Livro Mandinga em Manhattan: Como a Capoeira se espalhou pelo mundo
Quando, a hoje jornalista, escritora, fotojornalista e capoeirista Lucia Correia Lima vivia seus 15 anos, o Brasil vivia em plena ditadura militar. Em 1968 foi levada por colegas do Movimento Estudantil Secundarista para treinar capoeira, na escola do Mestre Suassuna, no centro de São Paulo, aonde chegou “exilada” com seus pais militantes humanistas, fugidos da Bahia para abrigo na imensidão da maior cidade da América do Sul. A luta-arte afro-brasileira era uma “arma” para enfrentar os tempos cinzentos que se instalou no país por vinte e cinco anos.

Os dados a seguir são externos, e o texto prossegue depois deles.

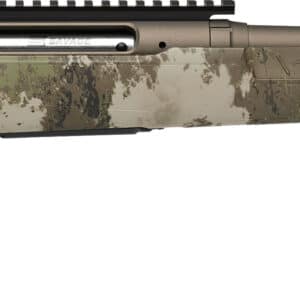 Savage Axis 2 Pro Woodland camo bolt-action rifle with 20-inch barrel and gun metal bronze Cerakote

Semelhante aos pioneiros capoeiras do século XIX, Lucia é presa com 16 anos, pois alguns de seus colegas aderem a romântica e suicida “luta armada”, contra a ditadura. Muitos foram mortos, exilados ou presos. Seu mestre Suassuna, um deles. Mas Lucia discorda da luta armada vai trabalhar na revista Realidade, da Editora Abril, quando na equipe da edição Amazônia, recebe o prêmio Esso de Jornalismo. Em seguida inicia carreira na chamada imprensa alternativa, quando compondo a equipe da revolucionária revista Bondinho, recebe o Esso de “contribuição à imprensa”. De volta à Bahia, atua nos principais jornais de Salvador, como a Tribuna da Bahia e Correio da Bahia, assina textos e fotos. Deixa na imprensa baiana sua marca quando opta pelo fotojornalismo. Período em que passa pela sucursal baiana de O Globo e retorna à capoeira.
Indo morar no Centro Histórico da primeira capital do Brasil, se inscreve para as aulas do lendário mestre João Pequeno de Pastinha. Lá surge o livro Mandinga em Manhattan. A escola do velho mestre estava repleta de jovens de todos os continentes. A capoeira, já no meio da década de 1990, trazia ao Brasil jovens de todo o mundo, mas, poucos sabiam que junto ao Candomblé e o Samba, havia se transformado uma das mais importantes manifestações da cultura brasileira.
A capoeirista e jornalista vive esta expansão, realizada sem nenhuma ajuda governamental, embora a UNESCO recentemente tomba a “roda de capoeira” como patrimônio mundial. No período em que Lucia Correia Lima pensa o livro, este tema era uma extravagância. Lucia teve que dar uma rasteira no preconceito e transforma sua ideia em um documentário: cria o título Mandinga em Manhattan e recebe o prêmio nacional DOCTV. Do Mistério da Cultura. Em 2008.
A ideia do livro retorna com a transcrição das longas entrevistas do documentário. Com o mesmo título, a publicação é selecionada pelo edital Capoeira Viva, também do MinC. Depois de novas entrevistas e enfrentamento da burocracia nos órgãos públicos, finalmente o trabalho é editado. Contem vinte e uma entrevistas com os pioneiros mestres responsáveis pelo espalhar a capoeira pelo mundo. Além de estudiosos como o Dr. Ubiratan Castro, do escritor Ildázio Tavares; da etnomusicóloga Emília Biancardi, da etnolingüista Yeda Pessoa de Castro, dos ex-ministros Gilberto Gil e Juca Ferreira, entre outros.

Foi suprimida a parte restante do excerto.